The best part of stocks is that you don’t need a boatload of cash to start investing. Even a small but regular investment in the shares of high-quality companies could go a long way and create a substantial amount of wealth for you.
So, if you are planning to invest in stocks but your budget is tight, consider buying these three low-cost TSX stocks offering explosive growth. To your surprise, you need less than $30 to buy these three high-growth stocks.
BlackBerry
Investors eyeing high growth could consider buying BlackBerry (TSX:BB)(NYSE:BB) stock. Its business has witnessed a structural shift from hardware to software and services. Its exposure to the automotive sector dragged its stock down. However, the reopening of the economy is driving the recovery in its stock.
Despite challenges from the pandemic, BlackBerry’s security solutions are witnessing strong demand, thanks to the shift toward working from anywhere. The gradual improvement in the automotive market is likely to support its top-line growth.
BlackBerry witnessed an improvement in sales during the most recent quarter on a sequential and year-over-year basis. Commenting on the results, the company’s CEO John Chen said that “some signs of recovery in auto production point to sequential revenue growth and a return to a normal run rate for QNX by early next year.”

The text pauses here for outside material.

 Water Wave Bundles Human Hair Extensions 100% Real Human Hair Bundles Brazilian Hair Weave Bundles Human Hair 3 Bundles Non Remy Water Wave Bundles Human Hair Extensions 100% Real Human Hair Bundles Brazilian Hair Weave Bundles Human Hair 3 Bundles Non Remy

With a strong annual recurring revenue base, a low customer churn rate of 3%, and growing demand for its cybersecurity platform, BlackBerry remains well positioned to deliver robust growth in the coming years, which is likely to drive its stock higher. Moreover, continued QNX design wins are likely to support its growth further.
Goodfood Market
Goodfood Market (TSX:FOOD) is among the fastest-growing consumer stocks. Its stock has surged over 200% this year, as the online grocery and meal kits delivery company is witnessing robust demand for its offerings. Thanks to the strong demand, the company reported a 74% growth in its top line during the most recent quarter.
Further, Goodfood Market’s active customer base is growing at a brisk pace, implying that it could continue to deliver high growth in the coming years. Also, its strong last-mile delivery capabilities and extensive domestic footprint could further accelerate its growth.
With the favourable industry trend, Goodfood Market has a multi-year growth opportunity. Moreover, acceleration in sales growth, geographical expansion, and cost reduction is likely to support its stock uptrend.
Kinross Gold
With its growing production profile and decelerating cost trend, Kinross Gold (TSX:K)(NYSE:KGC) is a top growth stock that should be on your radar. The company expects its production to increase to 2.9 million gold equivalent ounces in the coming three years, reflecting 20% growth. Meanwhile, Kinross Gold projects a downward trend in the production cost and capex, which is likely to boost its bottom line and free cash flows.
With the strong demand for the yellow metal and its robust margins, Kinross Gold stock has surged about 88% this year. Despite the run, Kinross Gold stock looks attractive on the valuation front compared to its peers, implying that it could witness further growth in the coming years.
Kinross Gold stock is trading at the forward EV-to-EBITDA multiple of 4.6, which is significantly below its peers and presents a good entry point for investors seeking explosive growth.